One of the earliest hash functions is Message Digest 5, more commonly known as MD5. Professor Ronald Rivest of the Massachusetts Institute of Technology (MIT) developed MD5 in the early 1990s as a way to verify that a file sent over a network matched its source file.
Whether it’s used to convert a single email or the source code of an application, MD5 works by converting data into a 128-bit value. You might recall that a bit is the smallest unit of data measurement on a computer. Bits can either be a 0 or 1. In a computer, bits represent user input in a way that computers can interpret. In a hash table, this appears as a string of 32 characters. Altering anything in the source file generates an entirely new hash value.
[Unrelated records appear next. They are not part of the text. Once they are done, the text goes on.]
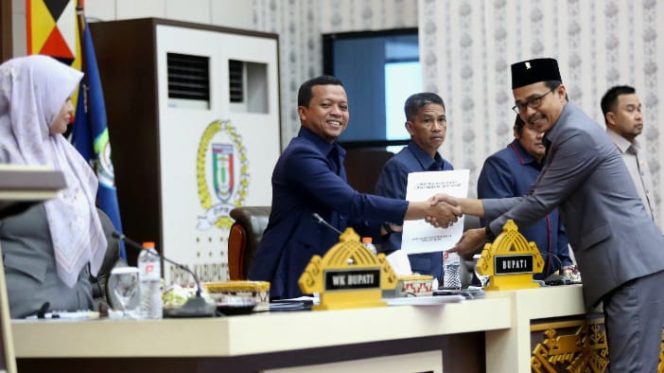 Bupati Pringsewu Riyanto Pamungkas saat menerima berkas Perda Perumdam Way Sekampung, Jumat November 2025.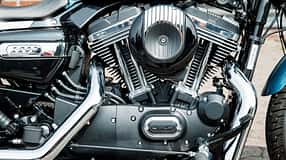 SWM Stormbreaker V 1200 und Harley-Davidson Sportster original im Vergleich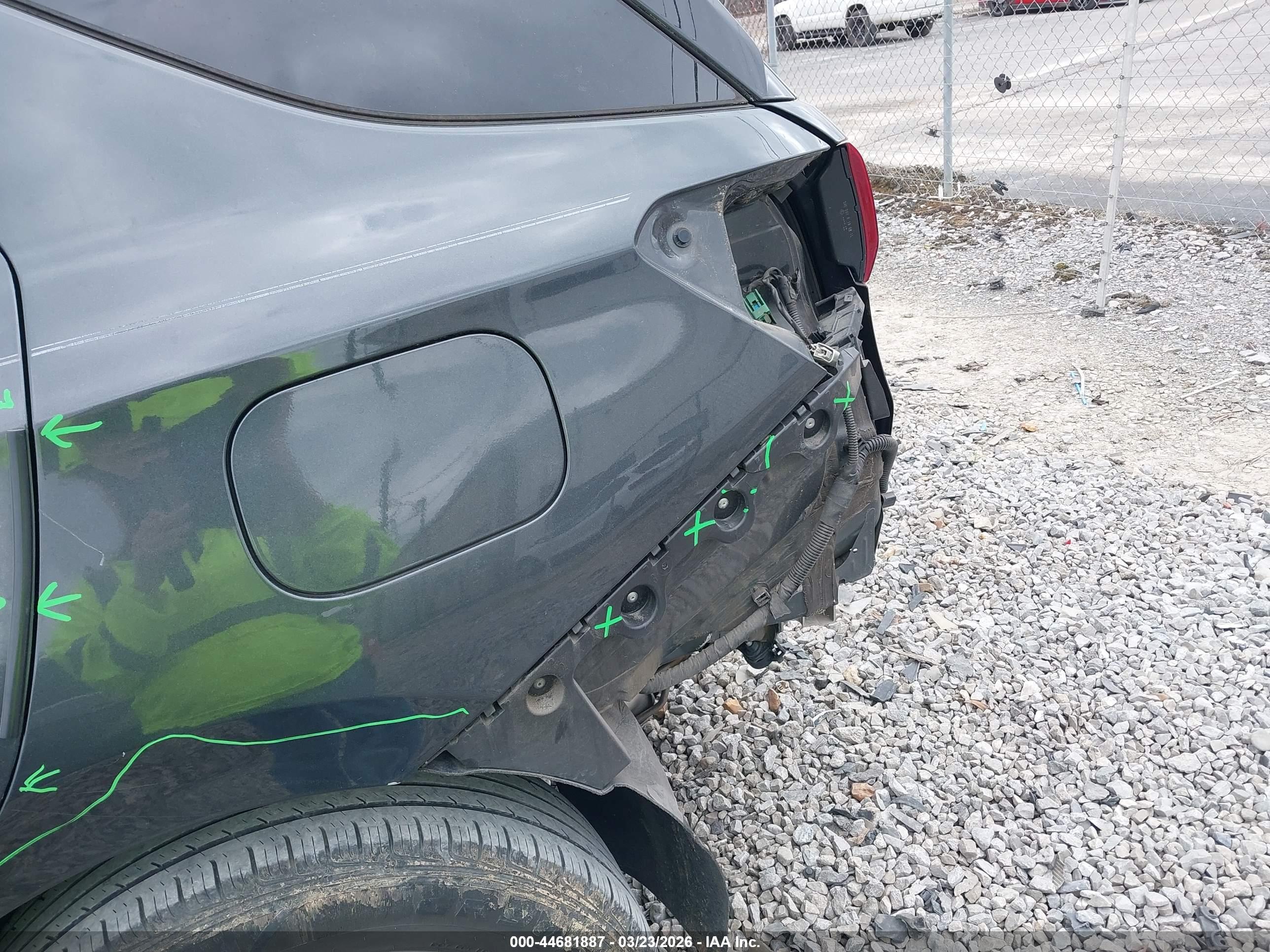 CHEVROLET EQUINOX image 6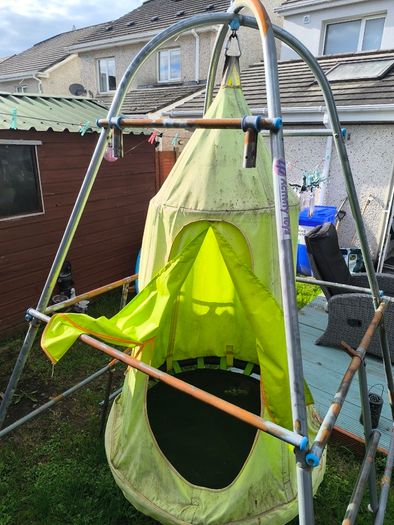 Swing tent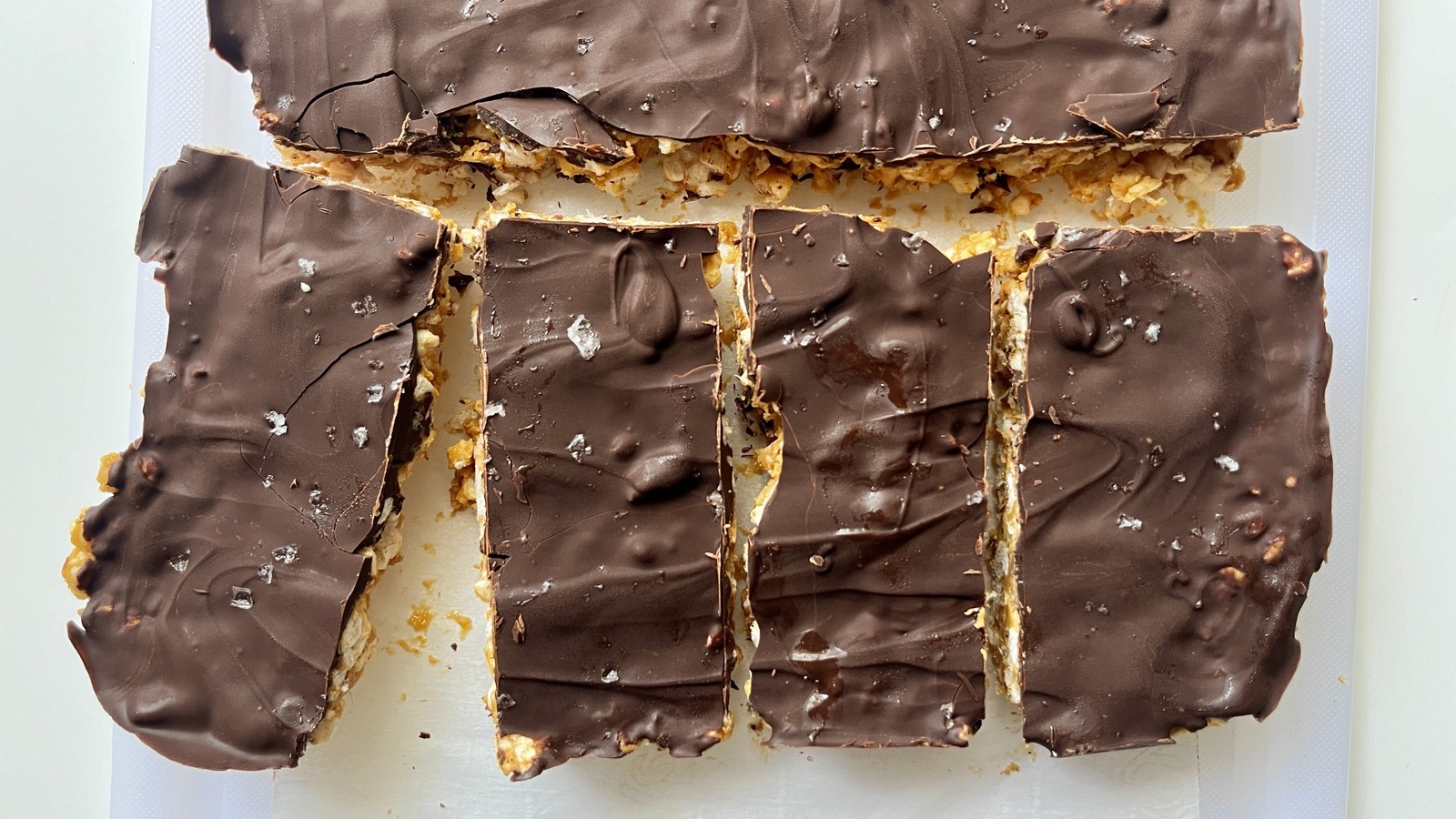 No-Bake Peanut Butter And Chocolate Crunch Bars Recipe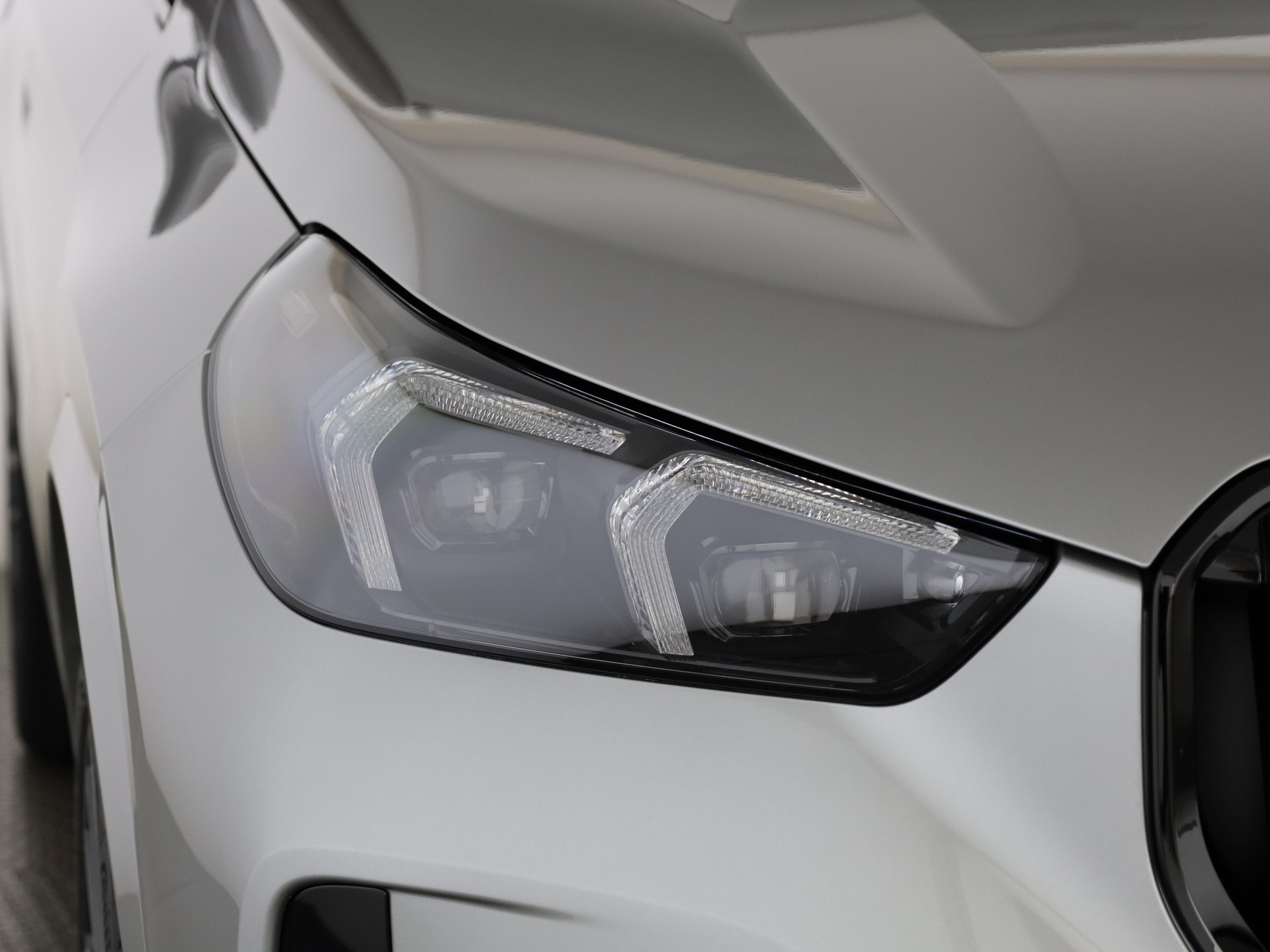 BMW X1 U11 23i xDrive paddles-image-6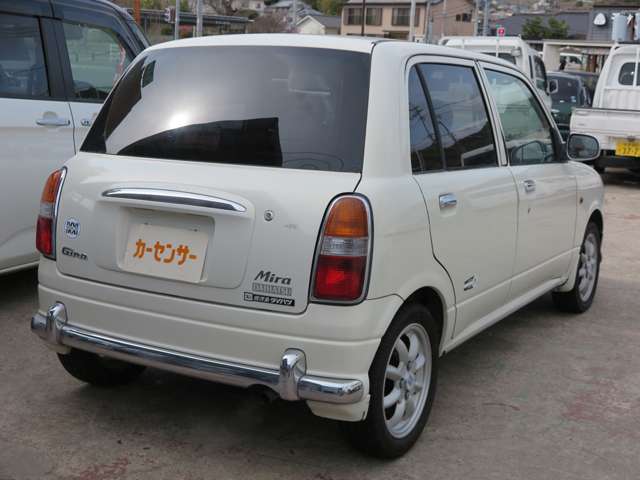 2001 Daihatsu Mira Gino – thumbnail 4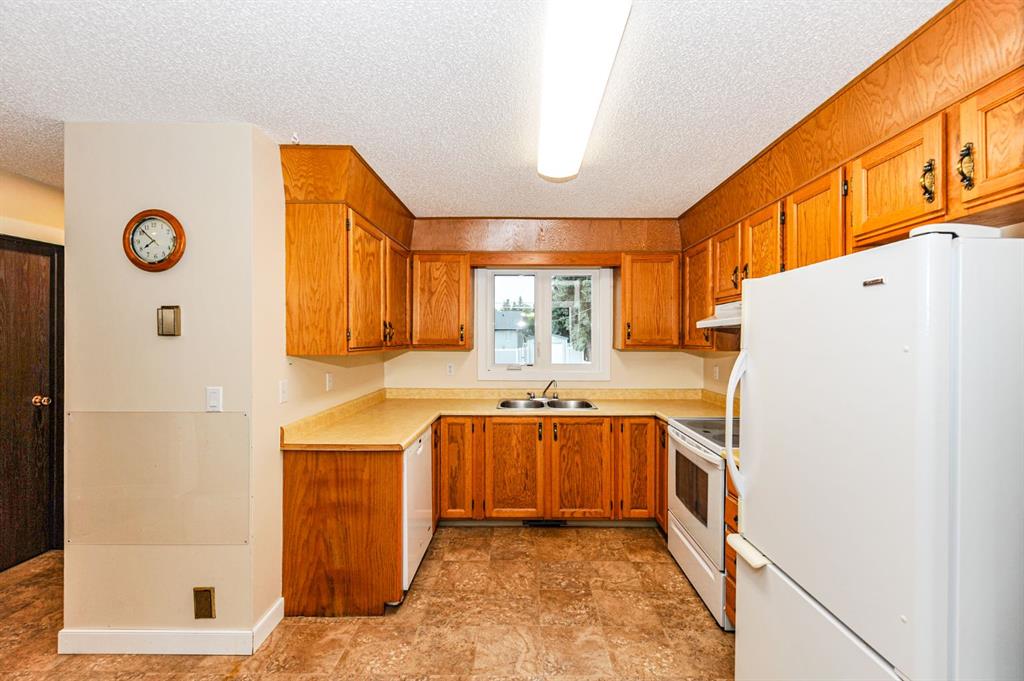 Fourth View of 221 1 Avenue , Rosalind, Rosalind, Alberta, T0B 3Y0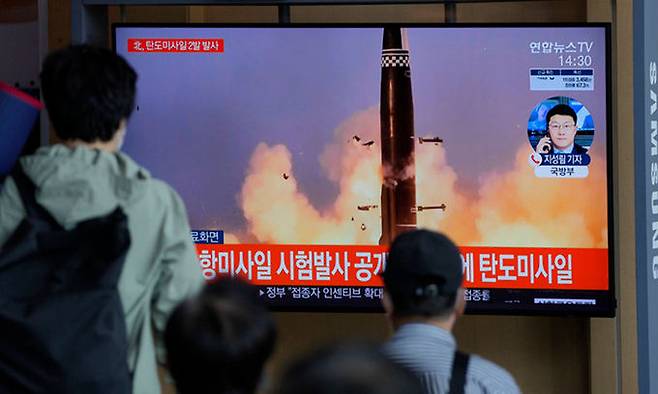 북한이 동해상으로 탄도미사일 2발을 시험발사한 15일 오후 서울에서 시민들이 북한의 미사일 발사와 관련된 뉴스 속보를 지켜보고 있다. AP·연합뉴스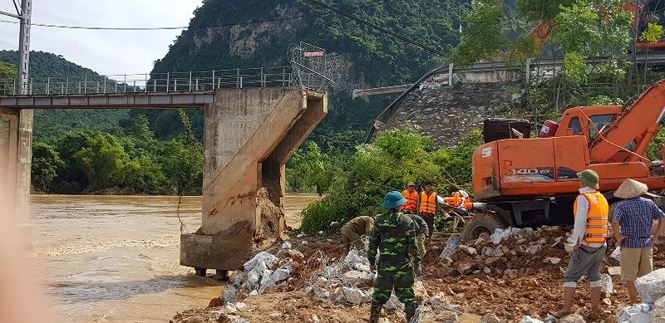 Nghệ An: Thủy điện xả lũ, một mố cầu Chôm Lôm bị cuốn trôi - 1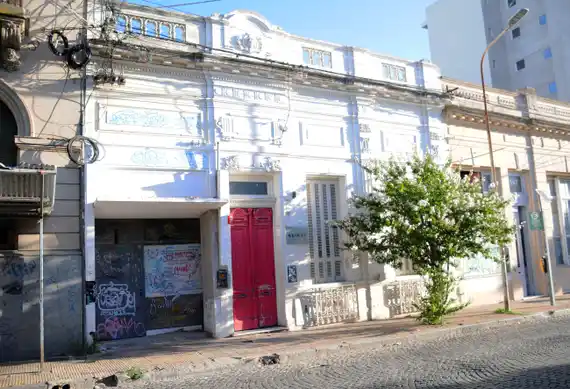 Vecinos de Chacabuco al 400 están cansados de los ruidos de un bar cercano y exigen soluciones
Generally, the longer the hash value, the more secure it is. It wasn’t long after MD5’s creation that security practitioners discovered 128-bit digests resulted in a major vulnerability.
Hash collisions#
One of the flaws in MD5 happens to be a characteristic of all hash functions. Hash algorithms map any input, regardless of its length, into a fixed-size value of letters and numbers. What’s the problem with that? Although there are an infinite amount of possible inputs, there’s only a finite set of available outputs!
MD5 values are limited to 32 characters in length. Due to the limited output size, the algorithm is considered to be vulnerable to hash collision, an instance when different inputs produce the same hash value. Because hashes are used for authentication, a hash collision is similar to copying someone’s identity. Attackers can carry out collision attacks to fraudulently impersonate authentic data.
Next-generation hashing#
To avoid the risk of hash collisions, functions that generated longer values were needed. MD5’s shortcomings gave way to a new group of functions known as the Secure Hashing Algorithms, or SHAs.
The National Institute of Standards and Technology (NIST) approves each of these algorithms. Numbers besides each SHA function indicate the size of its hash value in bits. Except for SHA-1, which produces a 160-bit digest, these algorithms are considered to be collision-resistant. However, that doesn’t make them invulnerable to other exploits.
Five functions make up the SHA family of algorithms:
- SHA-1
- SHA-224
- SHA-256
- SHA-384
- SHA-512